▸ WORK INSTRUCTION
Search term "Shakira": please copy every line of the records below that contains it.

(DATA SHOWN begins)

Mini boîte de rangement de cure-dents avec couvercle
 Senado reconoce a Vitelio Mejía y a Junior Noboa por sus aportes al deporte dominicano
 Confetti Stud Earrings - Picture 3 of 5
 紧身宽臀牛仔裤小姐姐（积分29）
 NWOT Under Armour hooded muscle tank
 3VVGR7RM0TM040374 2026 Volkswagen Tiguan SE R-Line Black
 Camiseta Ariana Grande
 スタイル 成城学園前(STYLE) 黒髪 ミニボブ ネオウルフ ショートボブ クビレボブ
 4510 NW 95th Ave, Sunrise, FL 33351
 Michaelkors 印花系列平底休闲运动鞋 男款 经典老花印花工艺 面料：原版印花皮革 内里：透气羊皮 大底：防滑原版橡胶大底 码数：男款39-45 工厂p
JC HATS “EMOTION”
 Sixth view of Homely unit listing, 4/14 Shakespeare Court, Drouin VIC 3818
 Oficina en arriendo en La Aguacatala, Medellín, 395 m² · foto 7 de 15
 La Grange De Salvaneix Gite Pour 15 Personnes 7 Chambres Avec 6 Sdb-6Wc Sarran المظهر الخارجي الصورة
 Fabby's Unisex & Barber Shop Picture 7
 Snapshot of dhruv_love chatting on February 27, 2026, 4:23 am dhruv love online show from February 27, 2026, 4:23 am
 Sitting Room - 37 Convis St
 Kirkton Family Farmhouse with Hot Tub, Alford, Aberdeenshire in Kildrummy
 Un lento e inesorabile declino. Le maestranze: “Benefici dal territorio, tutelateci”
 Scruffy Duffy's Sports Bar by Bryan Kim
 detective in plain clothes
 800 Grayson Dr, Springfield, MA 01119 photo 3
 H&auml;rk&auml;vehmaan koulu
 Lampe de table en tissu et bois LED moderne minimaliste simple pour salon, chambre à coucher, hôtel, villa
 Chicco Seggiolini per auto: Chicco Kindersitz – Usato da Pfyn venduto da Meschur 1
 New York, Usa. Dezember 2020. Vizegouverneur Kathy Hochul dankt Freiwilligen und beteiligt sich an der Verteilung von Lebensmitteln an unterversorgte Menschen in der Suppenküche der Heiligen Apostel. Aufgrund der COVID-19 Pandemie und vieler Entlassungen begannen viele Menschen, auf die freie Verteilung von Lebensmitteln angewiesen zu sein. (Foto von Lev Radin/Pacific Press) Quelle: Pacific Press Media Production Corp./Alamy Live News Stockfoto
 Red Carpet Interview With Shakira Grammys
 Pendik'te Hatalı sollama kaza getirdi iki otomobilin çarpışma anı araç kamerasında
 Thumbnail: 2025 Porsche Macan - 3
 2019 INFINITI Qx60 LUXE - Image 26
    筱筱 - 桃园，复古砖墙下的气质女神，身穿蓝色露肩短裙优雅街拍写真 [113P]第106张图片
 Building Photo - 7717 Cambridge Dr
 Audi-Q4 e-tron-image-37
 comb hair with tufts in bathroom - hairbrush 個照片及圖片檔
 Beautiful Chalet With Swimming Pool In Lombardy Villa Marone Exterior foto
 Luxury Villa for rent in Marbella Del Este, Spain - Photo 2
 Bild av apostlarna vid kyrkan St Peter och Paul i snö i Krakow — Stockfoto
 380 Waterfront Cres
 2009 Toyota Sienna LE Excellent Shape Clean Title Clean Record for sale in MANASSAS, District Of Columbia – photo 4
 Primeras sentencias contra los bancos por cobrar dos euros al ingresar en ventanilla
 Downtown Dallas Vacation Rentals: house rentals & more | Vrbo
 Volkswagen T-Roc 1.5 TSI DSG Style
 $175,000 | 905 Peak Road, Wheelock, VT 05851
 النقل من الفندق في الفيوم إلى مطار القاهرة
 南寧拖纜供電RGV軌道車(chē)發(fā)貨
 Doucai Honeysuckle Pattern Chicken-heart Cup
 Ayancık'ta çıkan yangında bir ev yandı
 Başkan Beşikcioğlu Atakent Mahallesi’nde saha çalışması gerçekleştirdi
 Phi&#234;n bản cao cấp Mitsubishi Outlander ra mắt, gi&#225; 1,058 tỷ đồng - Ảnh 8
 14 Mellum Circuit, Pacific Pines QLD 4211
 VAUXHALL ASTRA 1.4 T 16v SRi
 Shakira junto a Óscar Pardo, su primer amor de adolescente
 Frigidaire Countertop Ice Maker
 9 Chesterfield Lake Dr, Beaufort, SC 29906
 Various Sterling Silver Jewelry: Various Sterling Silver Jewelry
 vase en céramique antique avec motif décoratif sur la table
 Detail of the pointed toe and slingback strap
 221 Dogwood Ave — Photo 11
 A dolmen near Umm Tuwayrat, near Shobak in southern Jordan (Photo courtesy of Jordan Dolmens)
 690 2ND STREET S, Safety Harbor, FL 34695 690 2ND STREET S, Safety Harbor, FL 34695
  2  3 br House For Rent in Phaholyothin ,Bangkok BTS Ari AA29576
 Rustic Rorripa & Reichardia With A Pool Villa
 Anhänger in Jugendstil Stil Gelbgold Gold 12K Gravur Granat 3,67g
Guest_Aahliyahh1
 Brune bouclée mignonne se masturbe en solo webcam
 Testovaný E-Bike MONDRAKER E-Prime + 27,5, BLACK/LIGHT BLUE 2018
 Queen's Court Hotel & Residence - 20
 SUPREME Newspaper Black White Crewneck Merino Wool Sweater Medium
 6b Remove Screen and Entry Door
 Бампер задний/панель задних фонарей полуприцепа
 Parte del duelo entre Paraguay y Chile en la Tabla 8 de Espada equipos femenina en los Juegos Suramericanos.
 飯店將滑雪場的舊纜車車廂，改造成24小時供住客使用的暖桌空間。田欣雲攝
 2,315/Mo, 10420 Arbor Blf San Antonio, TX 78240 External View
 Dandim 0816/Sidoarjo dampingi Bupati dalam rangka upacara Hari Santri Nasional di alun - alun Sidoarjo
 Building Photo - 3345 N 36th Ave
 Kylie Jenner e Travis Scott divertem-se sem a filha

(DATA SHOWN ends)

▸ RESPONSE AREA
 Red Carpet Interview With Shakira Grammys
 Shakira junto a Óscar Pardo, su primer amor de adolescente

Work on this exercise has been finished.